First, I want to laud the Board for seeking to improve the quality of veterinary medical practice in Pennsylvania by spelling out in detail key issues with respect to practice standards. By doing so, the Board is making it very clear to the veterinary profession what standards of practice are expected of them and as such should serve to improve the quality of veterinary medical practice in Pennsylvania.
However, there is one area of direct personal concern to me that I wish to bring to the Board’s attention because I feel it is vital that this issue be addressed in a written standard by the Board, namely, a mandatory rule that veterinarians be required to provide owners with copies of the “Client Information Sheet” (CIS) for all drugs which they dispense for administration in the home.

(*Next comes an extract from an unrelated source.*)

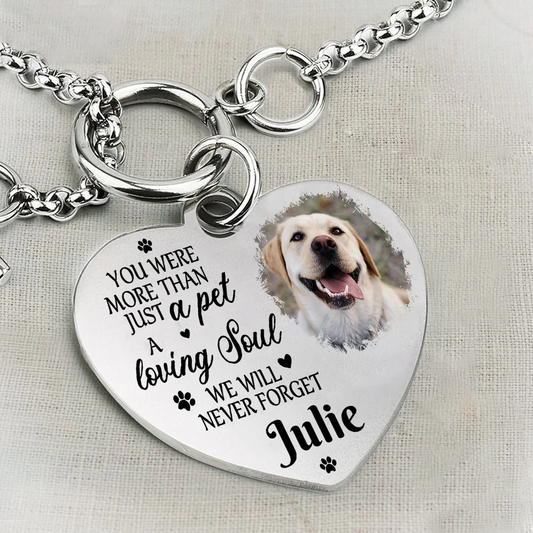 Dog Lovers - You Were More Than Just A Pet, A Loving Soul We Will Never Forget - Personalized Heart Bracelet(BU)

To do otherwise is to say to owners of companion animals in Pennsylvania that their veterinarians and the Pennsylvania State Board of Veterinary Medicine consider themselves to be more expert in these matters than the veterinarians of the FDA’s Center for Veterinary Medicine, the nation’s experts in drug safety.
BACKGROUND
As the nation’s experts in drug safety, the Food and Drug Administration is charged with approving all drugs and setting rules for their use. The FDA has determined that a select group of drugs pose serious health risks and are only safe when they are accompanied by carefully developed and approved information that is given to patients and caregivers.
On the human side of the FDA, this information is provided in a document known as the Medication Guide. Regulations governing these Guides are spelled out in detail in 21 CFR 208 promulgated under the authority of Public Law 104-180.
The FDA’s Center for Veterinary Medicine has similarly determined that under authority of 21 CFR 201.105 (c)(1) ["adequate directions for use"], that they have an obligation to require Client Information Sheets for certain veterinary drug products that pose serious health risks to companion animals.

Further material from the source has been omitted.